Explanation of output:

The string score by subculture reminds you that you compared the values in score between the levels in the subculture factor. The Kruskal-Wallis H statistic is 5.2313. R describes it as chi-squared because it is possible to estimate the relevant p-value using a chi-square distribution with the degrees of freedom (df) for that distribution set to one less than the number of groups, in this case df = 3. The p value tells us whether there was a significant difference between the four medians. It does not tell us which pairs of groups differ significantly from each other (for that, using a Wilcoxon rank-sum).

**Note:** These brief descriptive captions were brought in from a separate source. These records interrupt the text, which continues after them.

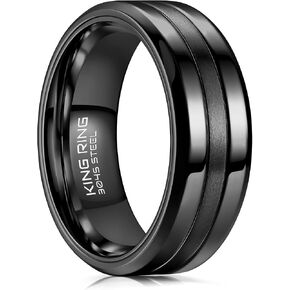 King Ring 8mm Basic Rings – Premium Super Polished Rings for Men, Mens Wedding Bands – Designed in USA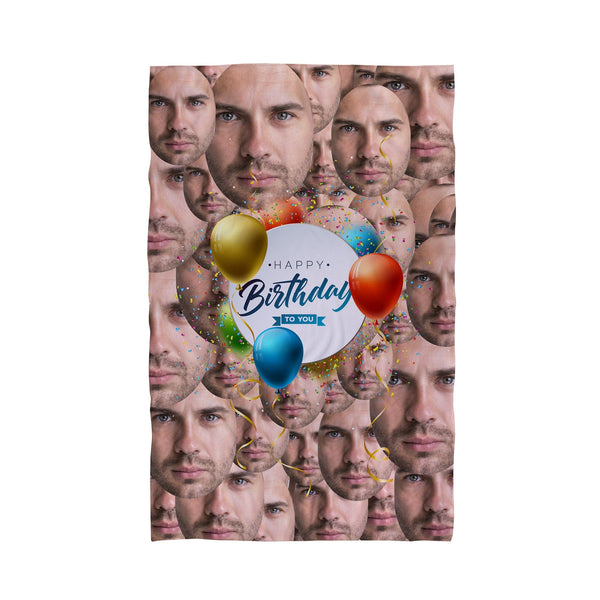 Happy Birthday 2 - Faces All Over - Personalised Beach Towel
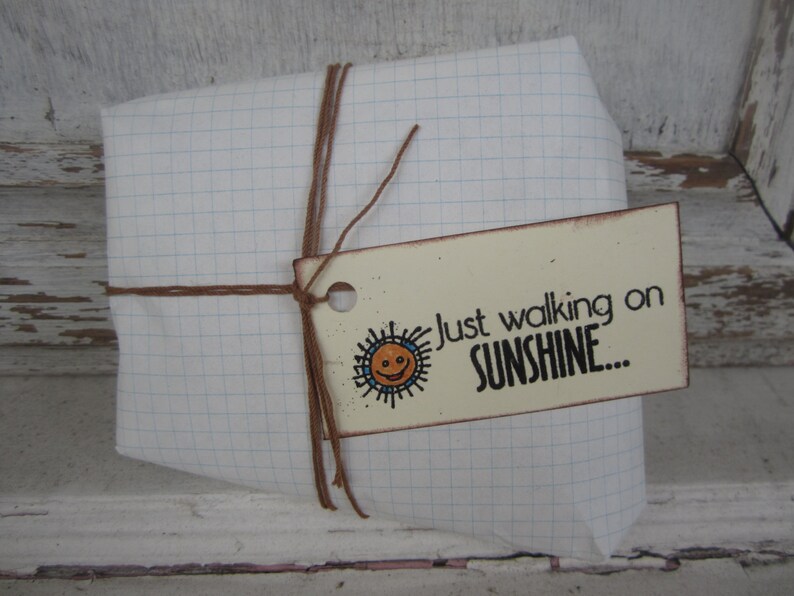 A Little Note 5 1 each of Walking on Sunshine, Too Cool, Great Idea, Fabulous Friend, and a tree tags, packaging, gift wrap, handmade Bild 2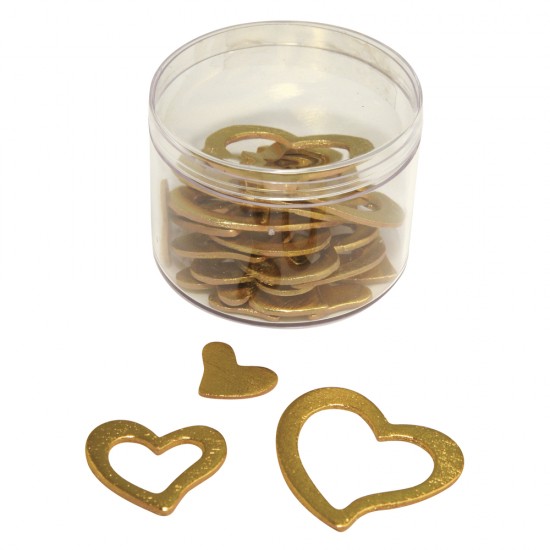 Decoratiune Rayher inimi, auriu, 1,5-4,0 cm, 24 buc/set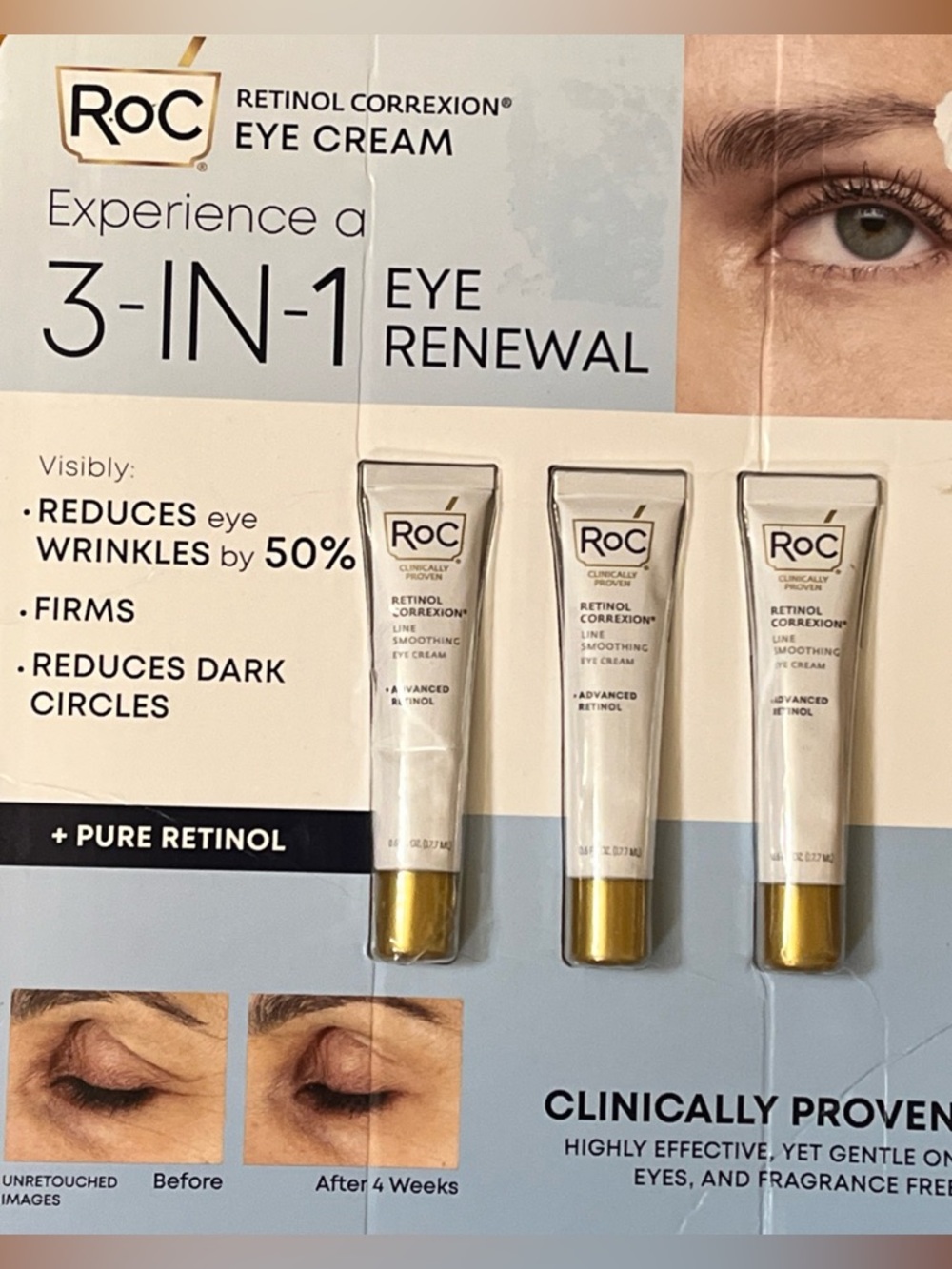 ROC retinol correxion eye cream 3 in 1 eye renewal 3 pack new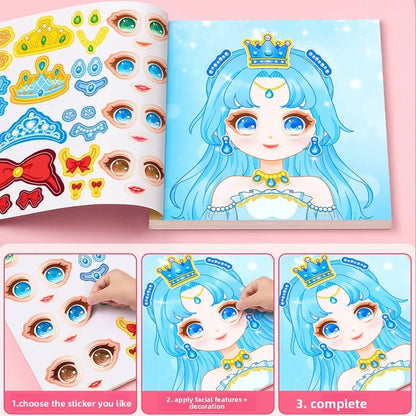 Stickers Book Handicrafts Creative Kids Stickers 15 Pages Toy Puzzle Reusable for Girls Cartoon Princess Make A Face Stickers Beauty World Shop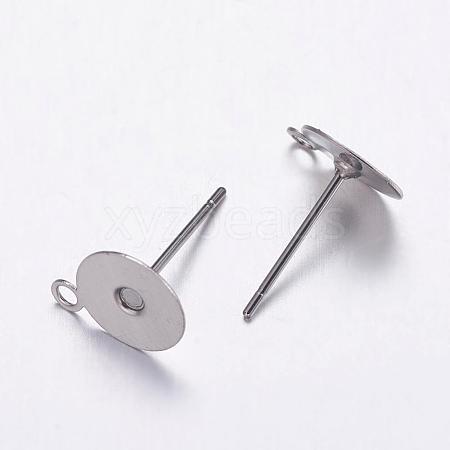 Non-Tarnish 304 Stainless Steel Stud Earrings Findings STAS-K146-013-8mm-1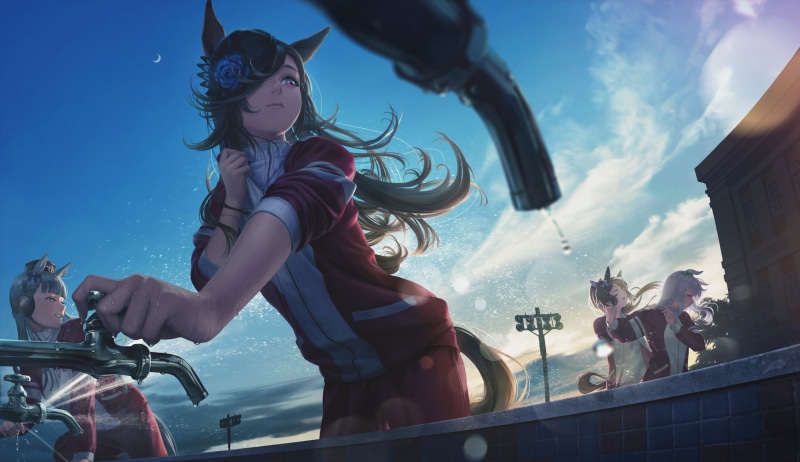 parted lips, brunette, Tokai Teio (Uma Musume), red panda, smile, open mouth, long hair, rolled sleeves, silver hair, anime, looking back, water drops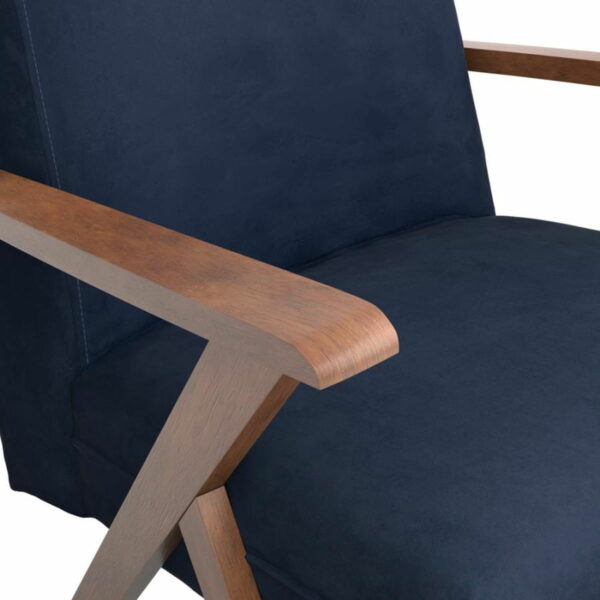 Cheryl - Wooden Arms Accent Chair - Dark Blue And Walnut - Image 2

The results of this test are as follows:

There was no significant difference in approach style between the mainstream (Mdn = 3.67), goth (Mdn = 3.67), metal (Mdn = 3.83) and emo (Mdn = 3.83) groups, H = 5.23, p = 0.16.

Exercise 2

Calculate summary statistics and Kruskal-Wallis H for the self-development emotional response subscale of the ERS-ACA. Your results should look like this:

# A tibble: 4 × 2
  subculture median
  <chr>       <dbl>
1 Emo           3.8
2 Goth          4  
3 Mainstream    3.6
4 Metal         3.8

    Kruskal-Wallis rank sum test

data:  score by subculture
Kruskal-Wallis chi-squared = 8.5011, df = 3, p-value = 0.03671

Copy the R code you used for this exercise into PsycEL.


This material is distributed under a Creative Commons licence. CC-BY-SA 4.0.